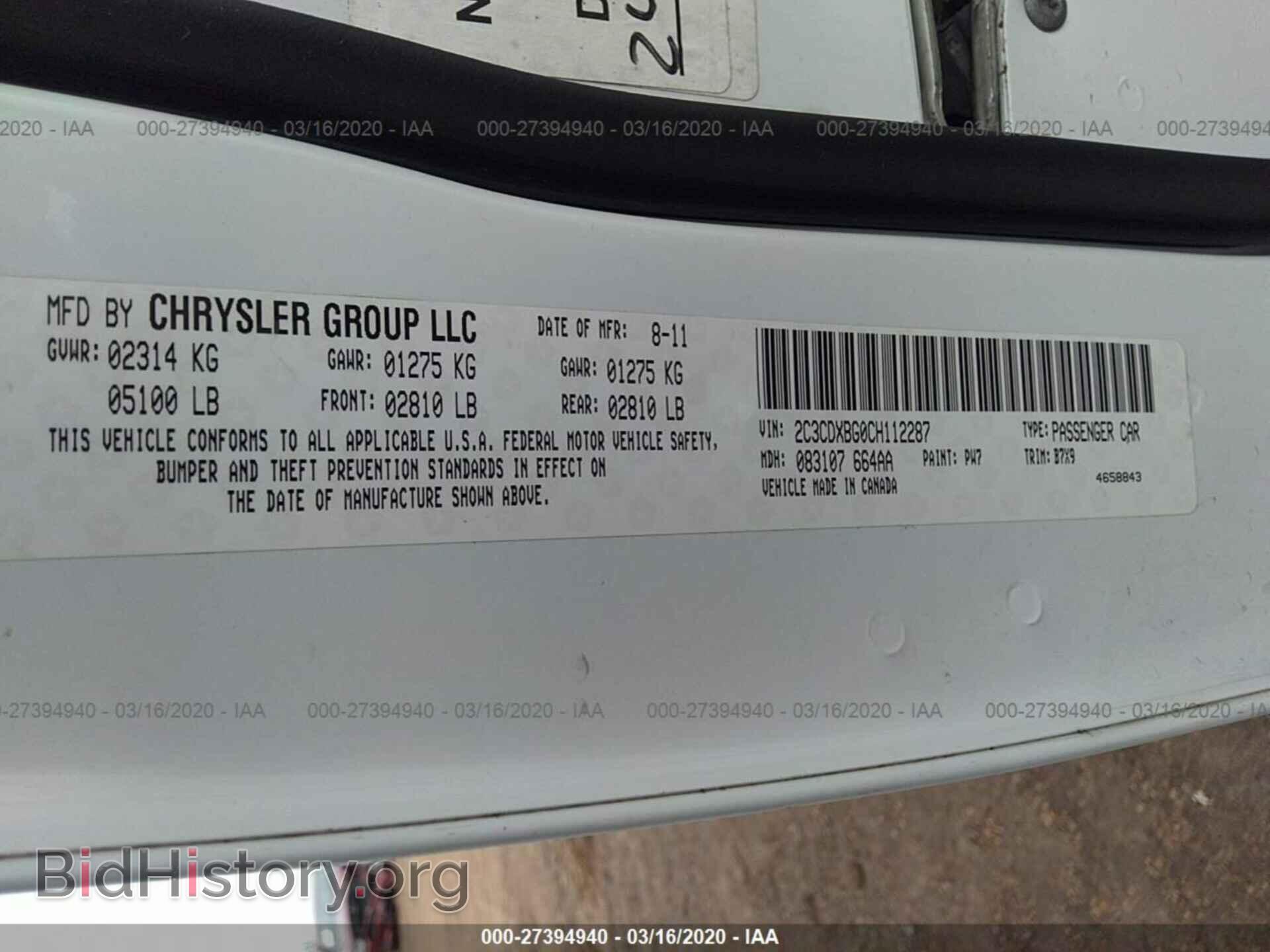 2012 DODGE CHARGER - VIN: 2C3CDXBG0CH112287 - Фото 9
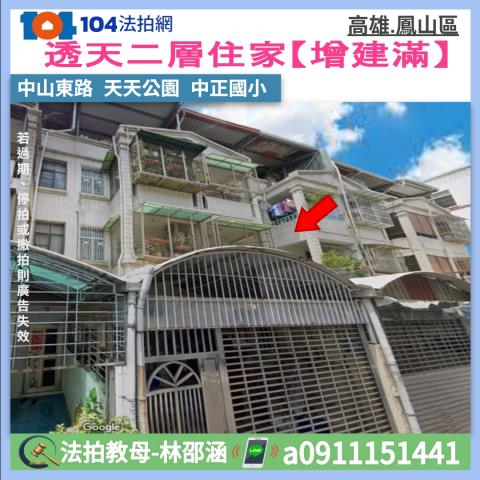 鳳山法拍法拍屋-0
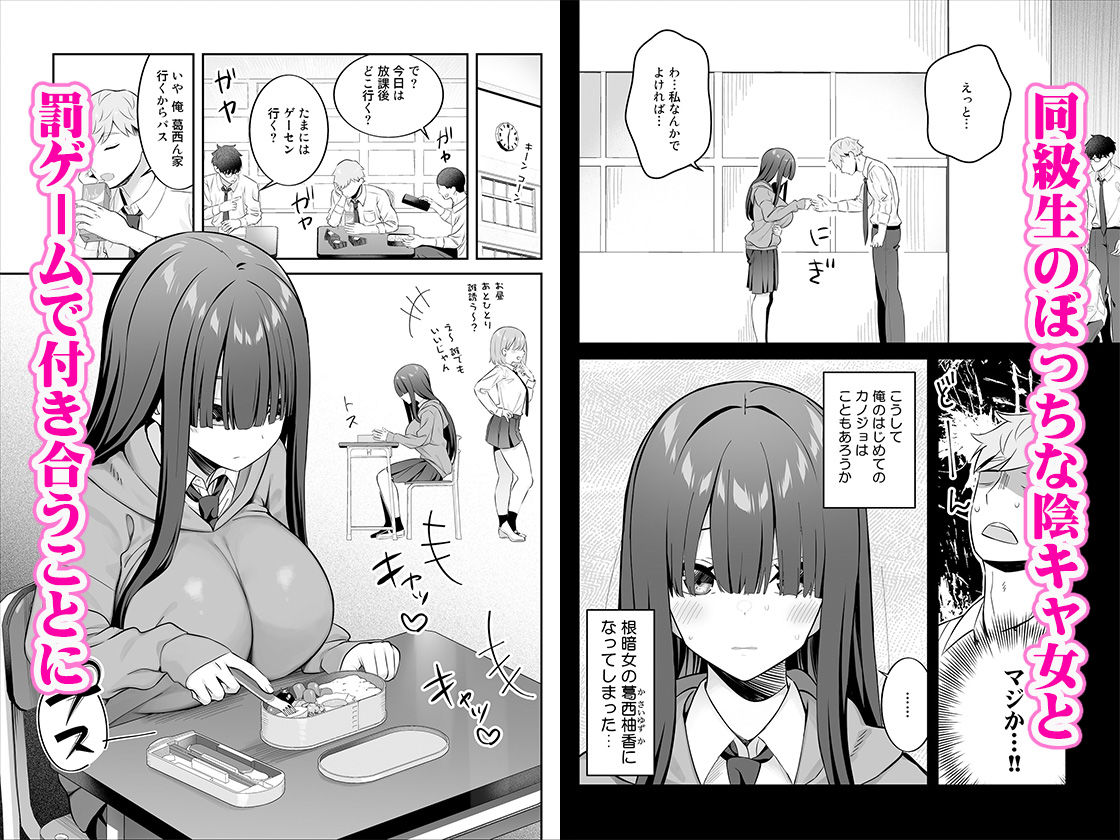 陰キャ女子を脱がせたらむちむち巨乳でエロすぎた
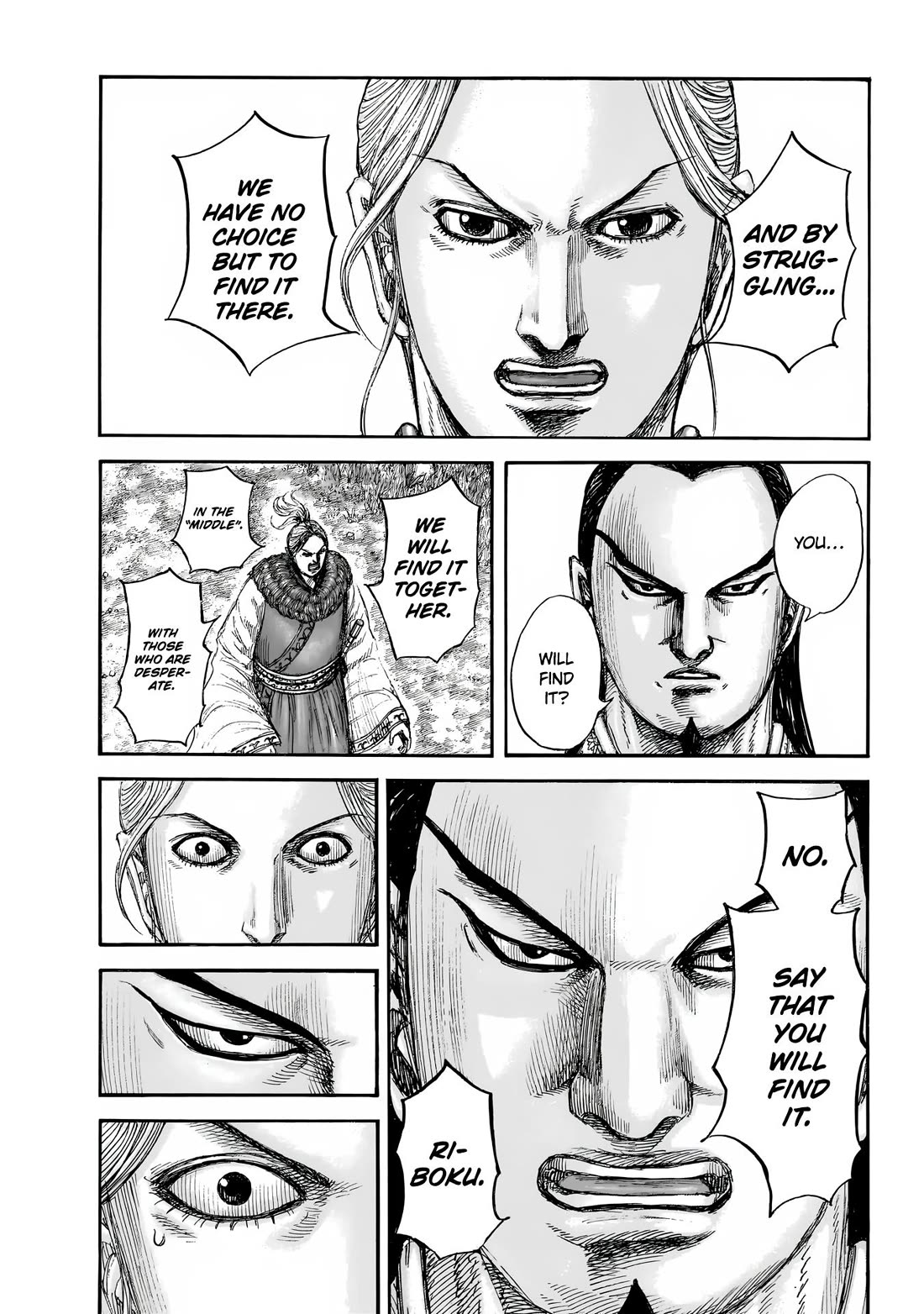 Kingdom Chapter 858 - Page 12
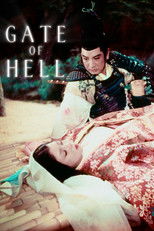 Poster de la película Gate of Hell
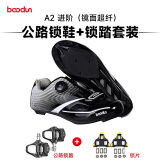 boodun专业户外骑行鞋运动自行车骑行鞋透气公路山地车助力锁鞋锁踏套餐 黑色公路【锁鞋+锁踏套装】 43（建议选大一码）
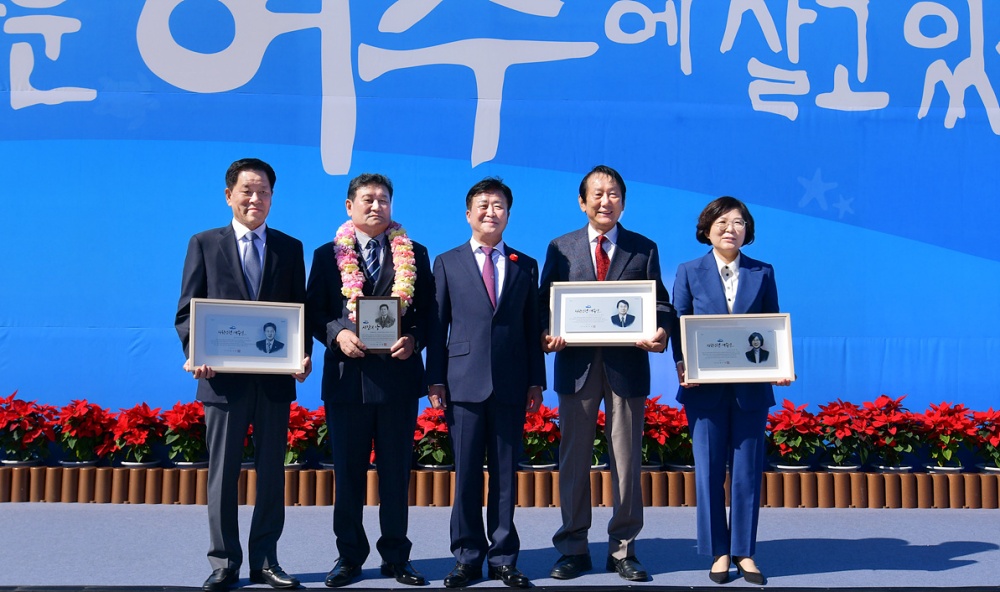 ▲ 여수시민의 상, 자랑스런 여수인 수상자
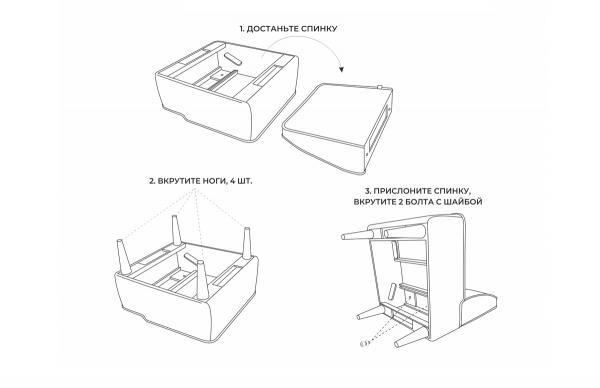 Купить Парк велюр сирень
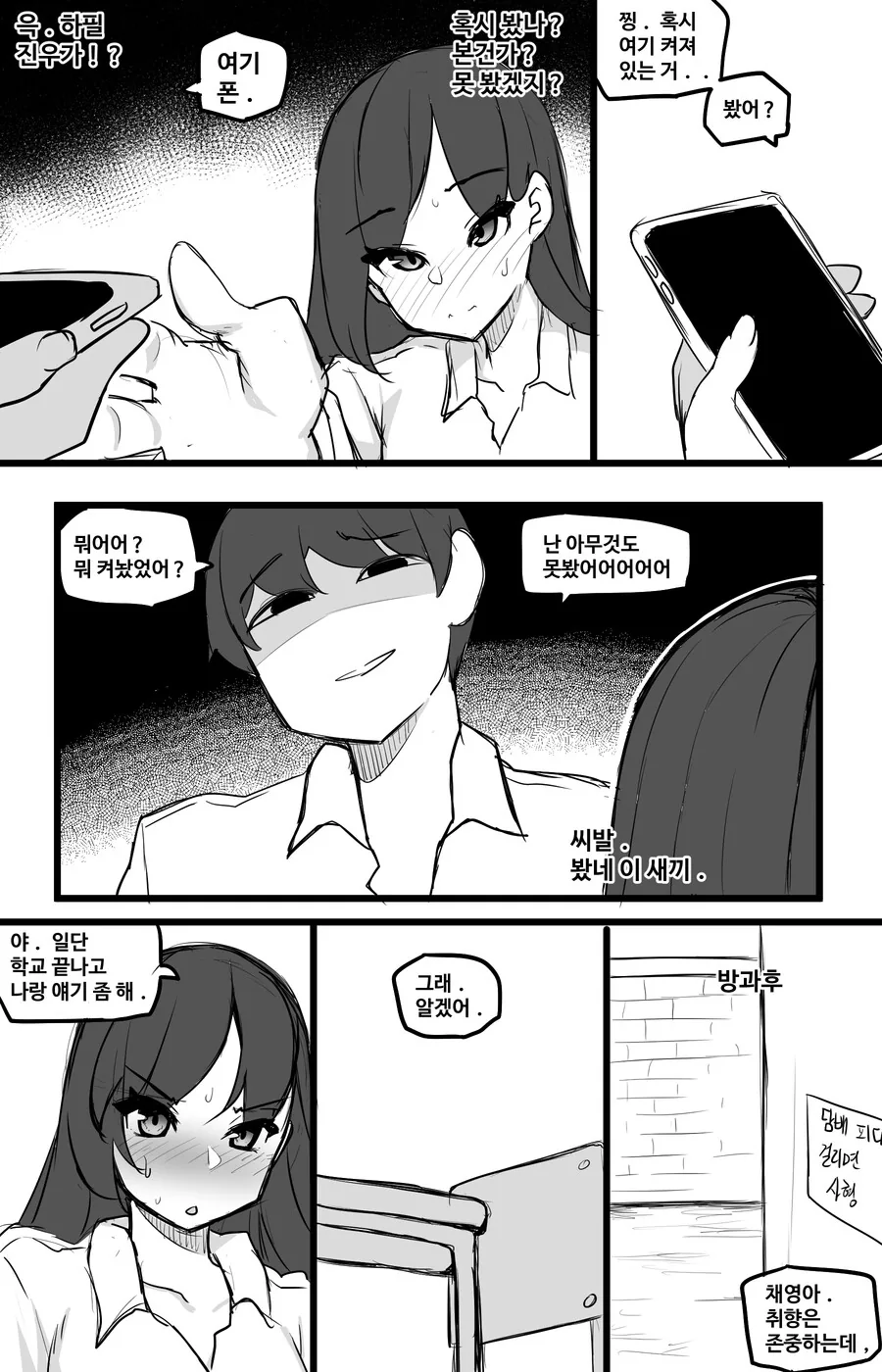 일본의 갸루녀 찐따남 만화의 한국판 버전 만화.manga - 이미지 12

Problem requirements: Reproduce exactly, with every picture left out, the lines from the one that contains "陰キャ女子を脱がせたらむちむち巨乳でエロすぎた" to the final line of the records above.

Reply:
 陰キャ女子を脱がせたらむちむち巨乳でエロすぎた
 Kingdom Chapter 858 - Page 12
 Poster de la película Gate of Hell
 boodun专业户外骑行鞋运动自行车骑行鞋透气公路山地车助力锁鞋锁踏套餐 黑色公路【锁鞋+锁踏套装】 43（建议选大一码）
 ▲ 여수시민의 상, 자랑스런 여수인 수상자
 Купить Парк велюр сирень
 일본의 갸루녀 찐따남 만화의 한국판 버전 만화.manga - 이미지 12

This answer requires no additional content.